=== RECORDS FOR THE TASK ===

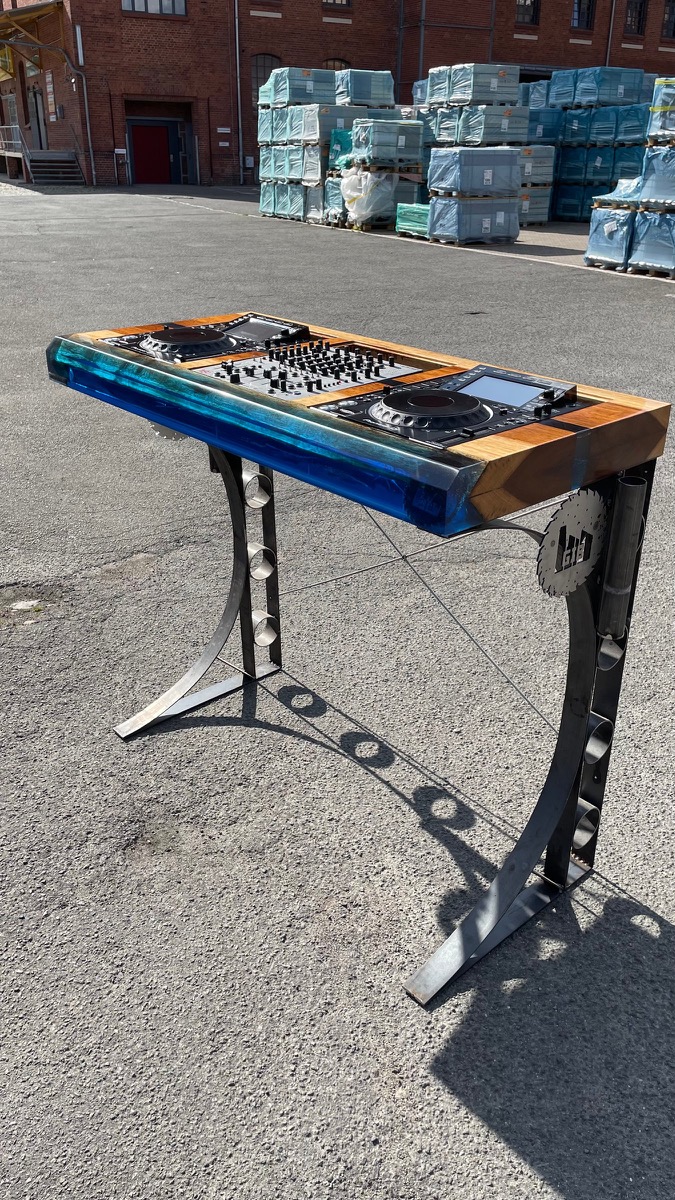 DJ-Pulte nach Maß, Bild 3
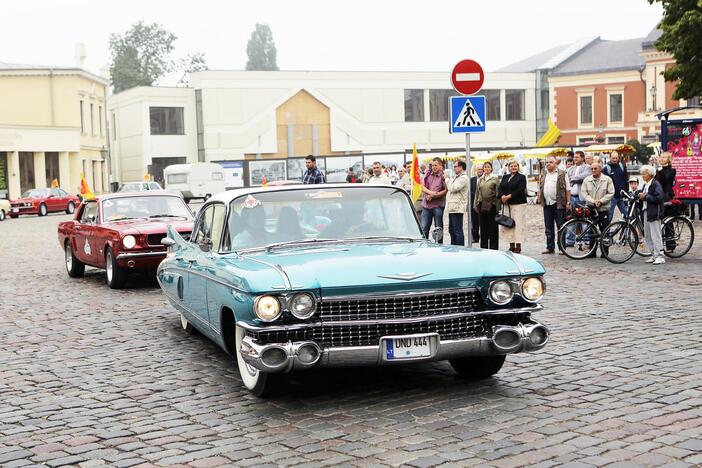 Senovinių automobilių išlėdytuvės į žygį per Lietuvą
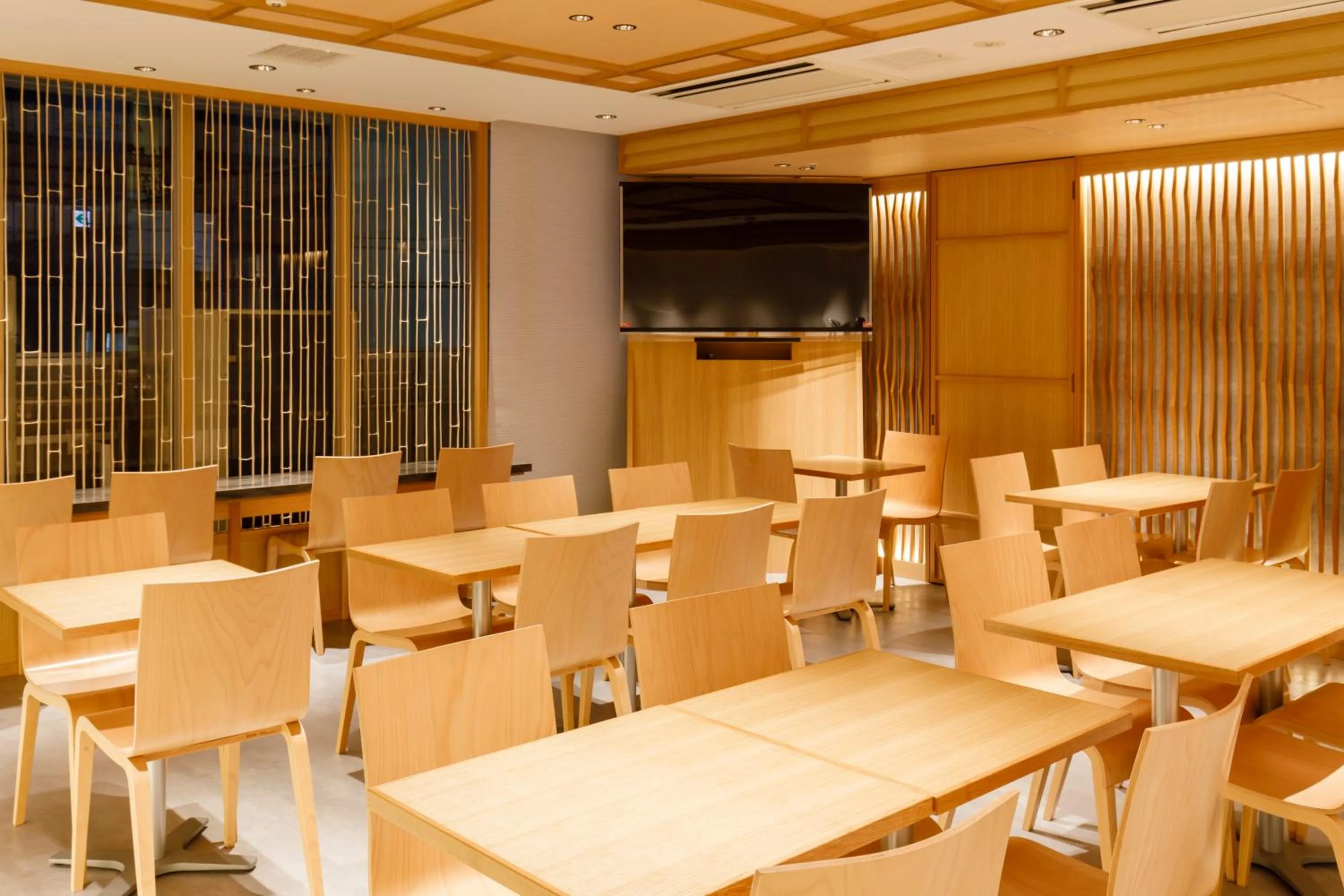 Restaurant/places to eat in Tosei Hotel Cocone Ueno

===
=== RECORDS FOR THE TASK ===

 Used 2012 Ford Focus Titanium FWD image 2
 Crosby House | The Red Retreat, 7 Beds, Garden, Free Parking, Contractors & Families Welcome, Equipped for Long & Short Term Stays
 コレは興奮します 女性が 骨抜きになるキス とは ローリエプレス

===
=== RECORDS FOR THE TASK ===

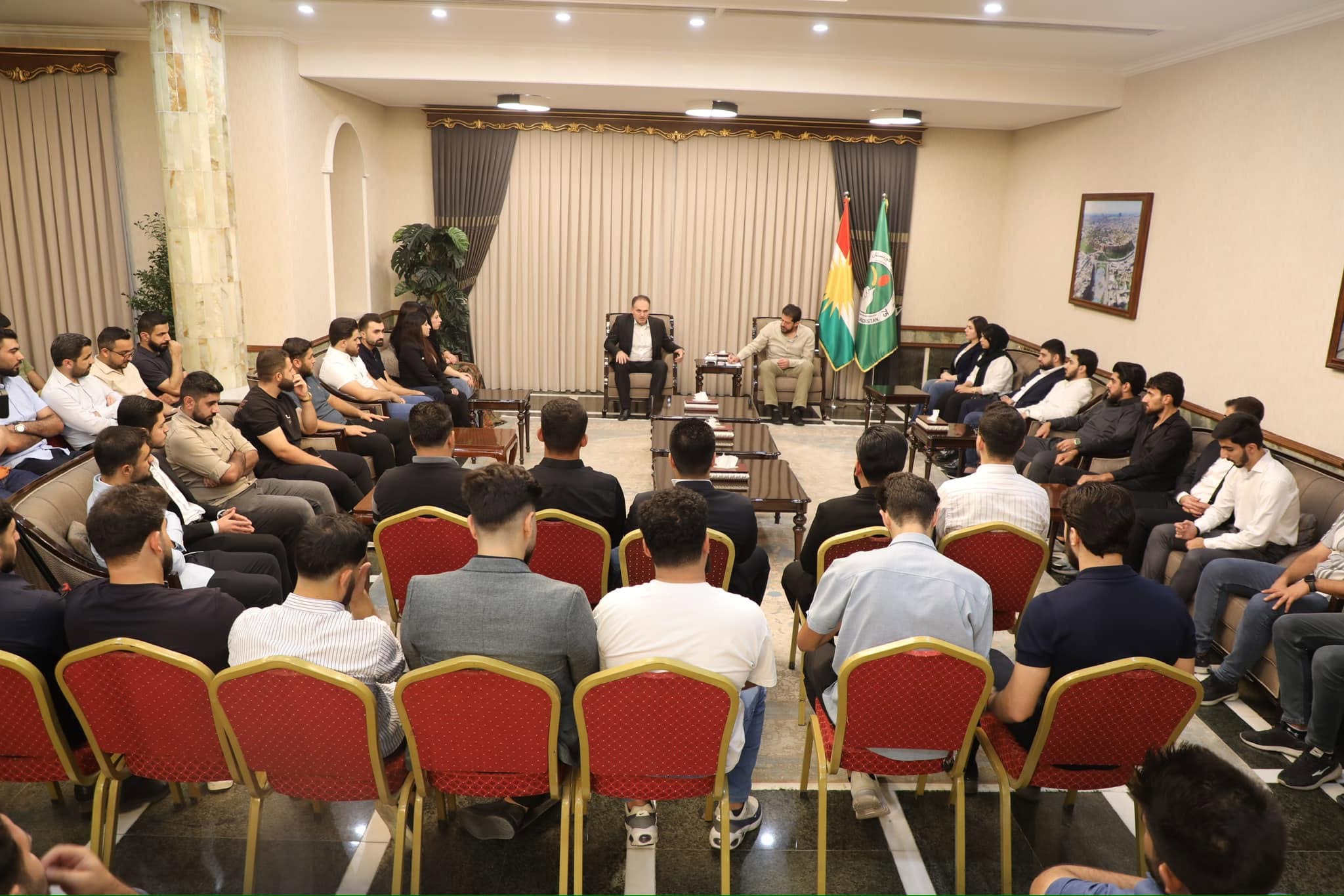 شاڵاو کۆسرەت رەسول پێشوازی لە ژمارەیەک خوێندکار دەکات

===

## EXERCISE AIM:
Copy verbatim, from the listing above, each line from the one containing "Crosby House |" down to the one containing "コレは興奮します 女性が 骨抜きになるキス とは ローリエプレス", inclusive.

## ANSWER TO THE PROBLEM:
 Crosby House | The Red Retreat, 7 Beds, Garden, Free Parking, Contractors & Families Welcome, Equipped for Long & Short Term Stays
 コレは興奮します 女性が 骨抜きになるキス とは ローリエプレス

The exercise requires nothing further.